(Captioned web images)
::::::
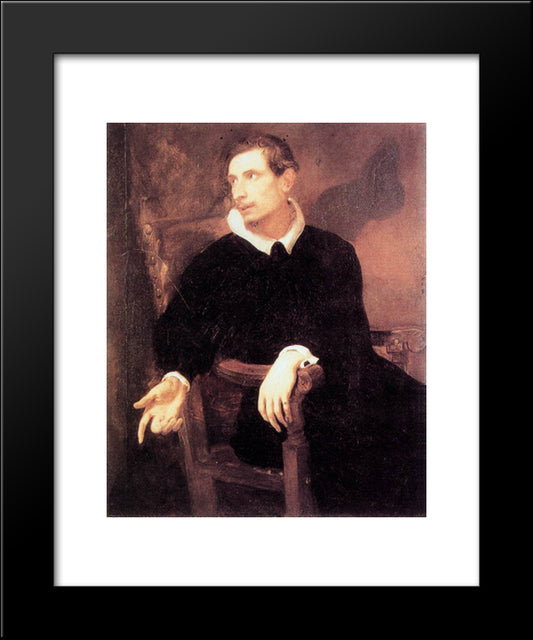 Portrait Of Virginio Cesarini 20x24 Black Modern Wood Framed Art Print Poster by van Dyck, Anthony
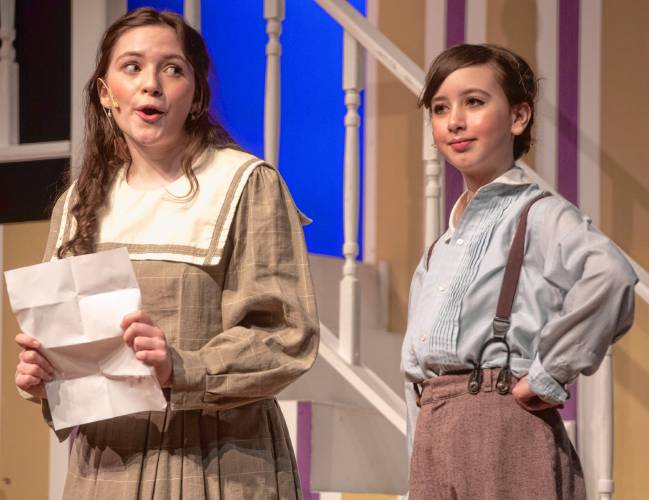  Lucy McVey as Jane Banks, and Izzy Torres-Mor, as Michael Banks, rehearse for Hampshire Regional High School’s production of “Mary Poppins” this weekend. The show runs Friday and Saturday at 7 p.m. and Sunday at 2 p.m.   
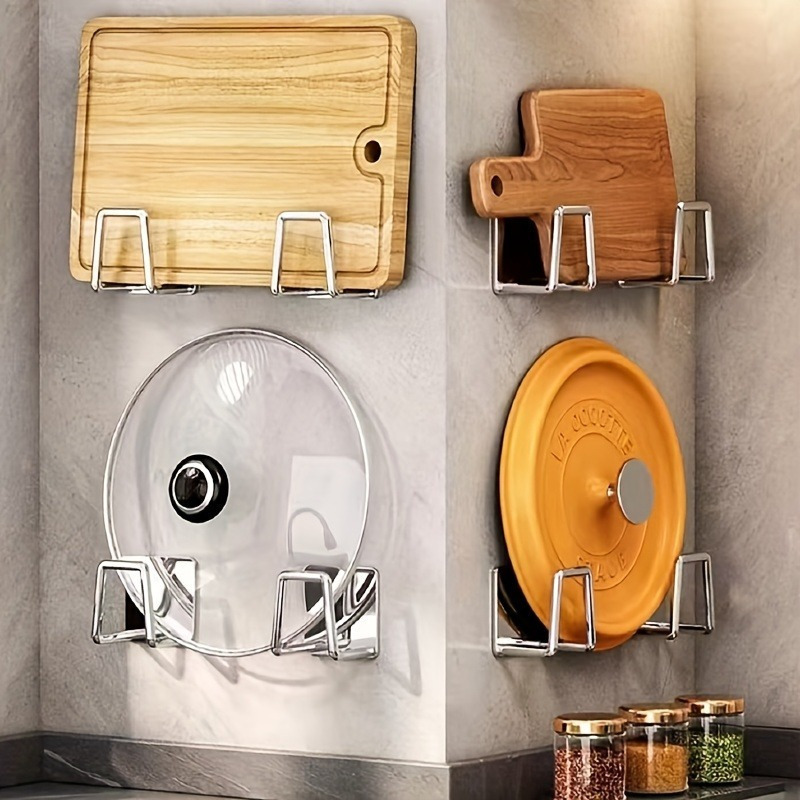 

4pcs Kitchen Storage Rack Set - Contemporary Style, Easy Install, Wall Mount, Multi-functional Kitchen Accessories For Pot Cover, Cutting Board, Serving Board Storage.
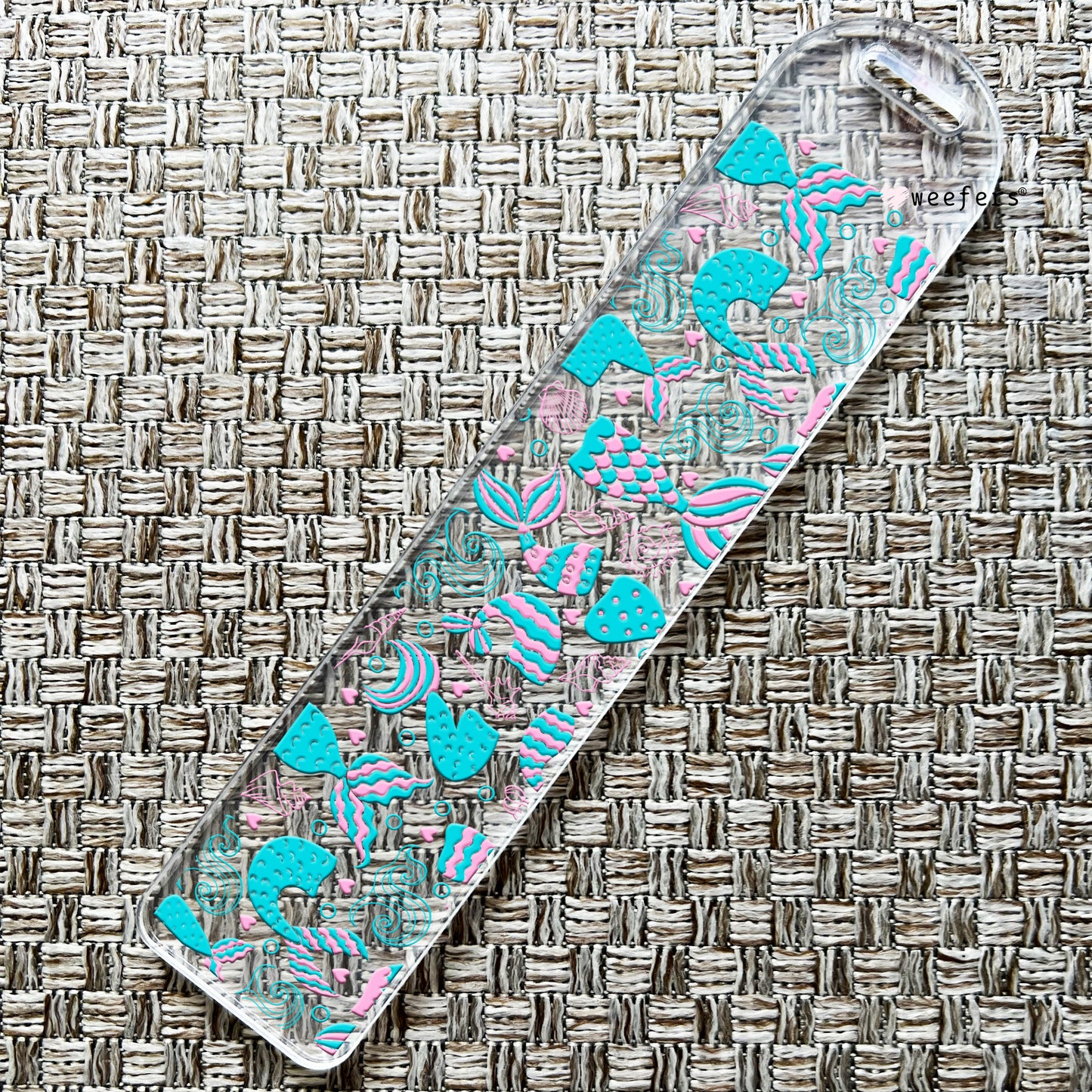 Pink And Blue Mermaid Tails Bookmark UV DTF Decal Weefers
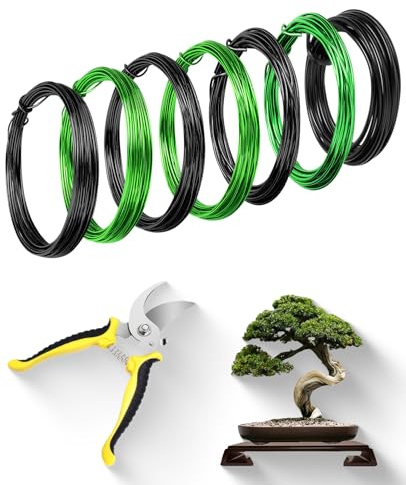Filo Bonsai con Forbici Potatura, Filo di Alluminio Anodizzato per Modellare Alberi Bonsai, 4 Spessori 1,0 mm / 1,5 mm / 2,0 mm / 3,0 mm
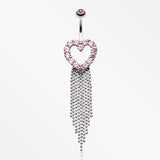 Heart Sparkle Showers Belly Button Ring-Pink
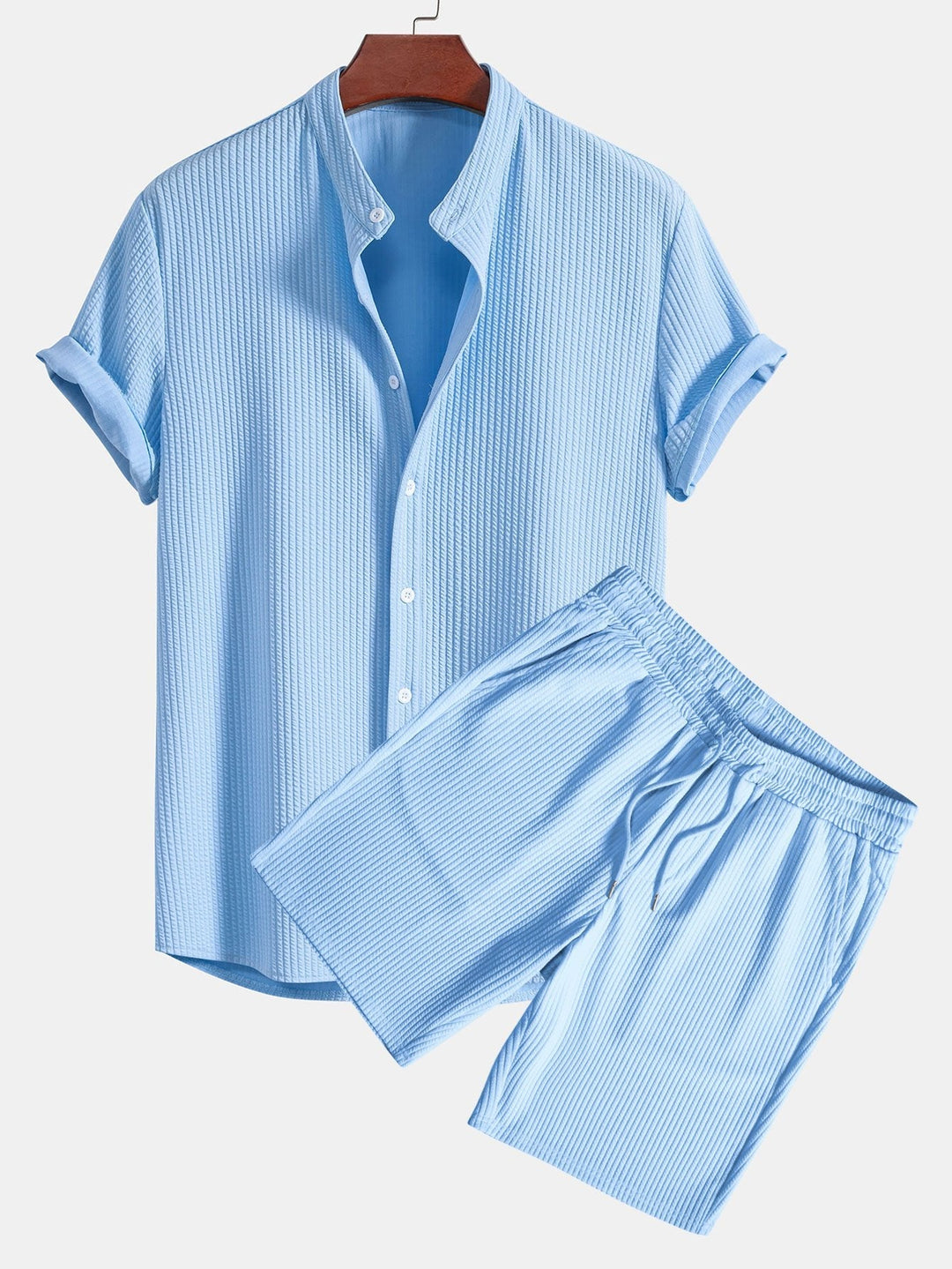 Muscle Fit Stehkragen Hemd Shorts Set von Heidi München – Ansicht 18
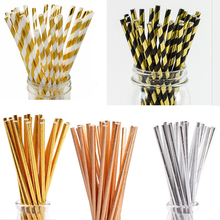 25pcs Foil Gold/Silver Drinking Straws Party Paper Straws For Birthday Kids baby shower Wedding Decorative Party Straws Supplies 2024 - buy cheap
::::::
WORK INSTRUCTION - Retype exactly the lines from the one containing "Pink And Blue" through the last line of the records above, both included, and leave out any pictures.

PROBLEM SOLUTION -
 Pink And Blue Mermaid Tails Bookmark UV DTF Decal Weefers
Filo Bonsai con Forbici Potatura, Filo di Alluminio Anodizzato per Modellare Alberi Bonsai, 4 Spessori 1,0 mm / 1,5 mm / 2,0 mm / 3,0 mm
 Heart Sparkle Showers Belly Button Ring-Pink
 Muscle Fit Stehkragen Hemd Shorts Set von Heidi München – Ansicht 18
 25pcs Foil Gold/Silver Drinking Straws Party Paper Straws For Birthday Kids baby shower Wedding Decorative Party Straws Supplies 2024 - buy cheap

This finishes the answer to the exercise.